I've had a few friends/co-workers who got nailed due to the dot-bomb - but likewise, the ones who were willing to move found work in a matter of weeks or months. The old timers who were settled down took, in some cases, years. I had a feeling something was up after the first round of layoffs, started hunting and found a new job out of state 2 weeks before they shut the office down.

It's the new economy of high tech - you have to constantly prove your worth to your employer, because all they care about is the bottom line. Plain and simple. If they can get better quality work for less, why wouldn't they go elsewhere. Just like if you want a decent pay raise, staying at your current job is the worst way to go about it.


The Indians are the grunt programming work, my job and that of my inhouse sub-ordinates, s be domain experts. I'm the architect, the Indian contractors are the construction labour.

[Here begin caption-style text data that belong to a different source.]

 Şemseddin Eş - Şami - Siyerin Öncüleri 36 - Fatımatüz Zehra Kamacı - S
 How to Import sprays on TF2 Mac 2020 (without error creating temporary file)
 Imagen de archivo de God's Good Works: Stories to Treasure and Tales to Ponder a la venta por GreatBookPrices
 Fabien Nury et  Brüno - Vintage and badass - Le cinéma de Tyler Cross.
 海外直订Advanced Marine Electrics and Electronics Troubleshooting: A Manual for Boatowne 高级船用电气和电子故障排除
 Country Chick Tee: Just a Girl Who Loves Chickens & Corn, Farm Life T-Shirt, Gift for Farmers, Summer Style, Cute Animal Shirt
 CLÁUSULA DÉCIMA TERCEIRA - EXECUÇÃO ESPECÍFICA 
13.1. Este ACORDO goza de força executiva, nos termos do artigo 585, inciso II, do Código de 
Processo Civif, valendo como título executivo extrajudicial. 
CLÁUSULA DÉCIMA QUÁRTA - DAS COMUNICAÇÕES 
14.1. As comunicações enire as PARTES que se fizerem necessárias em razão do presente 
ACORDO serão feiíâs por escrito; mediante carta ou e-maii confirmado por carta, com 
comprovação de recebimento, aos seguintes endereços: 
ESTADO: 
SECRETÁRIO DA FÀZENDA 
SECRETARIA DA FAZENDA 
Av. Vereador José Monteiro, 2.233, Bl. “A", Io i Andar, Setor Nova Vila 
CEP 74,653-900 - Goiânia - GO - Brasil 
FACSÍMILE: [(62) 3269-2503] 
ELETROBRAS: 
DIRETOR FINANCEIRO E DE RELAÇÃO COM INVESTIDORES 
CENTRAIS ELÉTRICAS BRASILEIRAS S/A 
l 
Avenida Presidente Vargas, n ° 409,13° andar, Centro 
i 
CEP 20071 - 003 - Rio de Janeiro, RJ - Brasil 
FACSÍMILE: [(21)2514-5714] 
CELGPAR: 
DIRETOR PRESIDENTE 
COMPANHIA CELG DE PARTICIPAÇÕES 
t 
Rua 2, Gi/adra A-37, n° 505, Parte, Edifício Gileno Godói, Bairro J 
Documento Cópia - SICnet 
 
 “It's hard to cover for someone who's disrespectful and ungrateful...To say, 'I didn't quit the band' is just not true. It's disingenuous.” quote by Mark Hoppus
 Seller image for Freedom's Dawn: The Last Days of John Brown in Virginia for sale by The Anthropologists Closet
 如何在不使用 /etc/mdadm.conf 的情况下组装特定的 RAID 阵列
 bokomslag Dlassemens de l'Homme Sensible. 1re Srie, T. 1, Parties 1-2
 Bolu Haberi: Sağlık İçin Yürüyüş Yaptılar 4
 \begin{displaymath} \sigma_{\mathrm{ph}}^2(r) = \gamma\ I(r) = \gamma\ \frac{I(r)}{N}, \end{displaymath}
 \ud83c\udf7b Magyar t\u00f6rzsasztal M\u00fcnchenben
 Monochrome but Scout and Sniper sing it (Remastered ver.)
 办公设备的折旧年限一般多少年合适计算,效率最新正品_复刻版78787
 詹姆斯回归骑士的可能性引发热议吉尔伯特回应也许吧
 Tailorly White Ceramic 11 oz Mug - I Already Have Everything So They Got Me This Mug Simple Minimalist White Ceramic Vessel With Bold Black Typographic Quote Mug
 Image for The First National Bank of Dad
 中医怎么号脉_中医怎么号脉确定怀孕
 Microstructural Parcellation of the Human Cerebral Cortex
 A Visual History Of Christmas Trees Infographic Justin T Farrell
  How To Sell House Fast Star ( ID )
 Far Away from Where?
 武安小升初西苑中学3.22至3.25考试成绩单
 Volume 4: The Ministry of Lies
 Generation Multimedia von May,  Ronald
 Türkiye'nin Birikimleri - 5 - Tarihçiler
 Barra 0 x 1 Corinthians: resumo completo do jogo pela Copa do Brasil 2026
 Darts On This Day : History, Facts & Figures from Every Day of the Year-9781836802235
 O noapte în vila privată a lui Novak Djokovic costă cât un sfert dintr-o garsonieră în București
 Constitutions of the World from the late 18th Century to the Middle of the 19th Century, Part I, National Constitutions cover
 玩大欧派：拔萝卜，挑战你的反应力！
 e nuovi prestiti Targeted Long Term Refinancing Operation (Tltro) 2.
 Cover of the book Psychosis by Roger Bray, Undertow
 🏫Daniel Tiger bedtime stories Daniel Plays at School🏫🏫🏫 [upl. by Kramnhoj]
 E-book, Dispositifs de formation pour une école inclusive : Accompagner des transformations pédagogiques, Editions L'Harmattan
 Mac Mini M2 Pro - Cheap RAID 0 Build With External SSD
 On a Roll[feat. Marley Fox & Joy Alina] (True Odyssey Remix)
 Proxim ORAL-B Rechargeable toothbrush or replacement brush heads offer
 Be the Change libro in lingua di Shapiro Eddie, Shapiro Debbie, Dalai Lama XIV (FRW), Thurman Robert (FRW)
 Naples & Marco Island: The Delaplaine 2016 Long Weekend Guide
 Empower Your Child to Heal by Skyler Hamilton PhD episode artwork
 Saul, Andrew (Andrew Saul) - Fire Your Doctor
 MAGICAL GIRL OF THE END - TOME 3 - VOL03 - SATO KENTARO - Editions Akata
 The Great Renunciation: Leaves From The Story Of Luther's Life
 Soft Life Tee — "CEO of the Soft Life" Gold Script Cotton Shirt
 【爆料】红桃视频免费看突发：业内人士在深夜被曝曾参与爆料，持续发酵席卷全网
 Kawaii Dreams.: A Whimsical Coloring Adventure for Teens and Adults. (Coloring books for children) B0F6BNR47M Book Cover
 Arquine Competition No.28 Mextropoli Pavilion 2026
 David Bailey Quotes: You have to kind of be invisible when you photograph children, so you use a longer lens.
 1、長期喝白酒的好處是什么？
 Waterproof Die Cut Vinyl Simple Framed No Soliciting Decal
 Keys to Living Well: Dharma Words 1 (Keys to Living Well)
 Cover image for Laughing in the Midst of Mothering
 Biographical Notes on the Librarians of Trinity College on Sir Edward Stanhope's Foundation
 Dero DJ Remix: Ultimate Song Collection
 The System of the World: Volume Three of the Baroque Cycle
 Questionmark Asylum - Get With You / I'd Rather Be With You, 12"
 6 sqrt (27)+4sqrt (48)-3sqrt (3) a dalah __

Oh yeah, I'm one of them nasty H-1Bs too. Oddly enough when I offered to take a Design Resident Engineer position for my employer back home at GM's design center in Oshawa, Canada, they said not a chance in hell, as I wasn't replacable - even though it would be cheaper for them to hire a semi-qualified US local and not have to pay legal fees for my visa and Green Card. Again just a matter of cost vs. benefit to your employer - a few tens of thousands of dollars extra per year with the pay off of the success of programs worth hundreds of millions.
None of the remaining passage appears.